BMO’s success and reputation are built on the trust we’ve earned from the people we work with and the customers we serve. Our reputation is our greatest asset. It is maintained by everyone associated with BMO Financial Group. We are sensitive to the impact our business decisions have on our stakeholders and the communities where we do business, and we are committed to doing the right thing - always. This commitment to corporate citizenship and long-term sustainability is part of who we are, and it is as important to our brand as the products and services we offer.


BMO’s Code of Conduct applies to BMO’s Board of Directors, to the directors of the boards of BMO’s subsidiaries and to all employees of BMO Financial Group


The approach outlined in this Code of Conduct is not something we aspire to: it is the performance standard we commit to every day. It is our enduring ethical guide — and its principles are not negotiable.


Principle 1 - Be honest and respectful

Maintain integrity, empathy and responsibility in all our decisions and actions.

Our values guide us beyond the easy thing to do, and to do the right thing. They ensure we act with integrity with all of BMO’s customers, employees, suppliers and competitors, as well as any other third party or business partner.


We must uphold high standards for how we operate. We must all consider the environmental and social impacts of our decisions. It’s an essential part of upholding our commitment to corporate responsibility.


We must be inclusive. Welcome and support individuals from diverse backgrounds, perspectives and communities.
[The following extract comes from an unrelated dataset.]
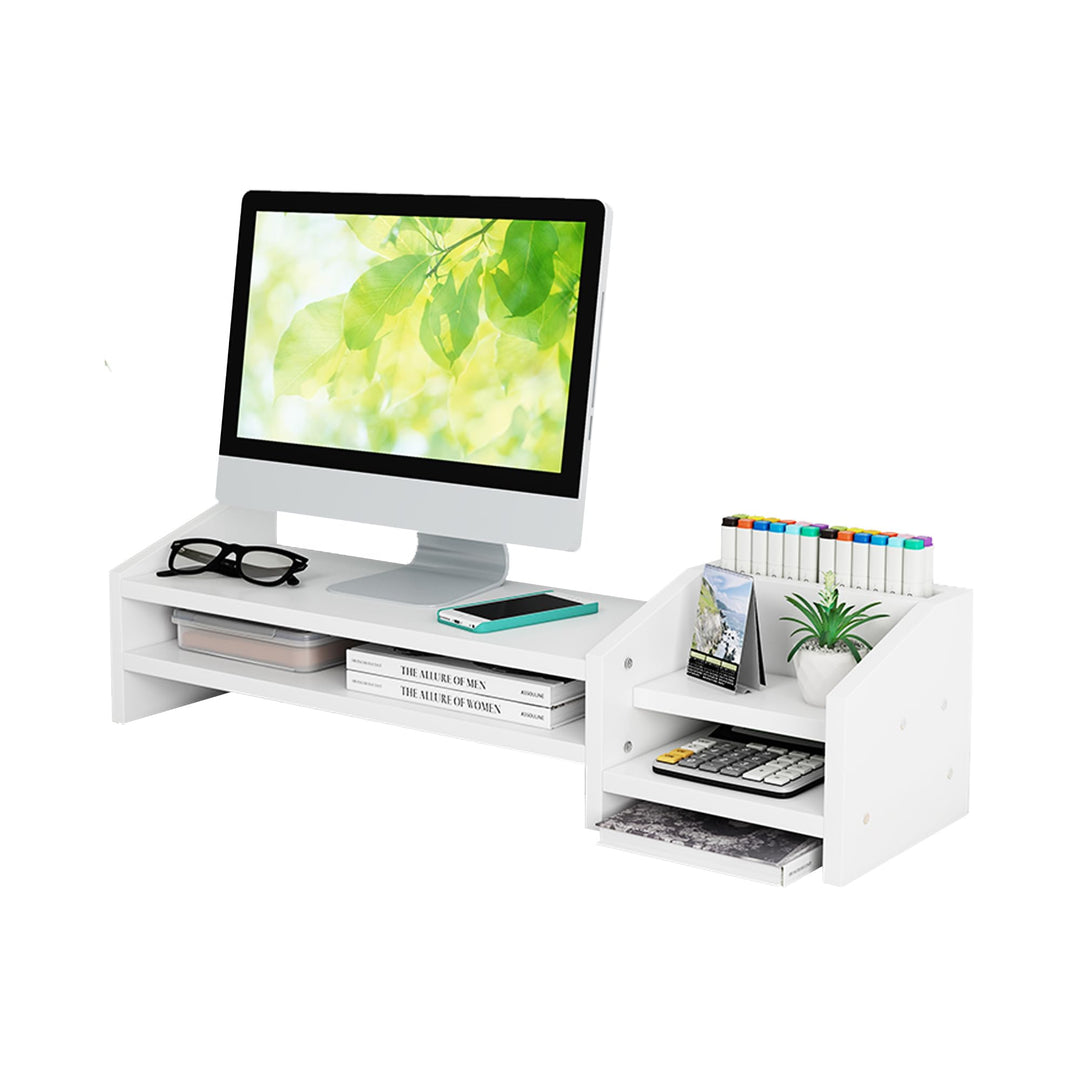 Catekro Monitorständer Weiss, Monitorerhöhung, Monitor Unterbau für PC Computer Laptop Drucker - Bil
All of our behaviour, communications and interactions with our colleagues in the workplace must be respectful, professional and in accordance with the Code. Workplace relationships must be kept free of discrimination and harassment. We must ensure all employees are valued, respected and heard.


Principle 2 - Be alert to behavior contrary to the Code

Be alert to possible violations of laws, regulations or the Code. Report concerns immediately to the appropriate people or department.
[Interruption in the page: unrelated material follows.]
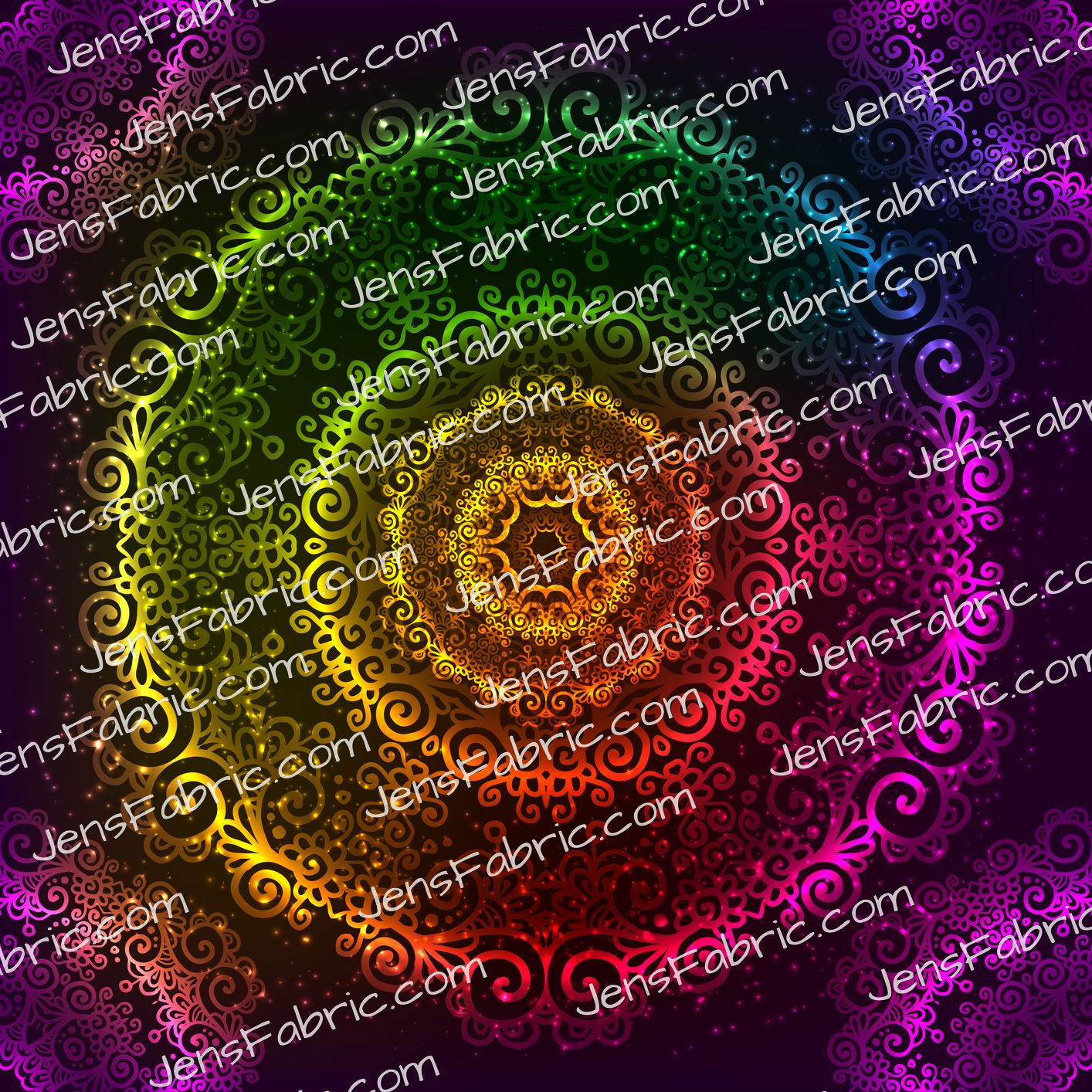 Rainbow mandala swirls on black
Maintain our high ethical standards

If you learn of anything that may conflict with the Code, or with any laws, rules, regulations, or BMO policies or procedures, speak up and be candid. You do not have to be 100% certain of an issue before speaking up.



You have the right to disclose any information that is protected under whistleblower laws. You do not need to provide notice to, or get consent from BMO when you are reporting possible violations of laws or regulations or responding to inquiries from, or testifying before, any governmental agency or self-regulating authority.


Speak up!

To raise a concern, consult your manager or the department listed on the Code of Conduct website. Here are some resources that can help employees with concerns related to the Code:



If you want to anonymously report a possible violation, or you are not satisfied after raising a concern under the Code, report it to the Ombudsman through BMO’s external Speak Up! reporting service*.


Report concerns about accounting, internal controls over financial reporting, or auditing matters to the Ombudsman through the external Speak Up! reporting service*.


Never retaliate against anyone who raises a concern related to the Code. Take concerns you receive seriously. Never make anyone feel they were wrong to raise a concern. If you feel you have been retaliated against for raising a concern, report it through the externa; Speak Up! reporting service*.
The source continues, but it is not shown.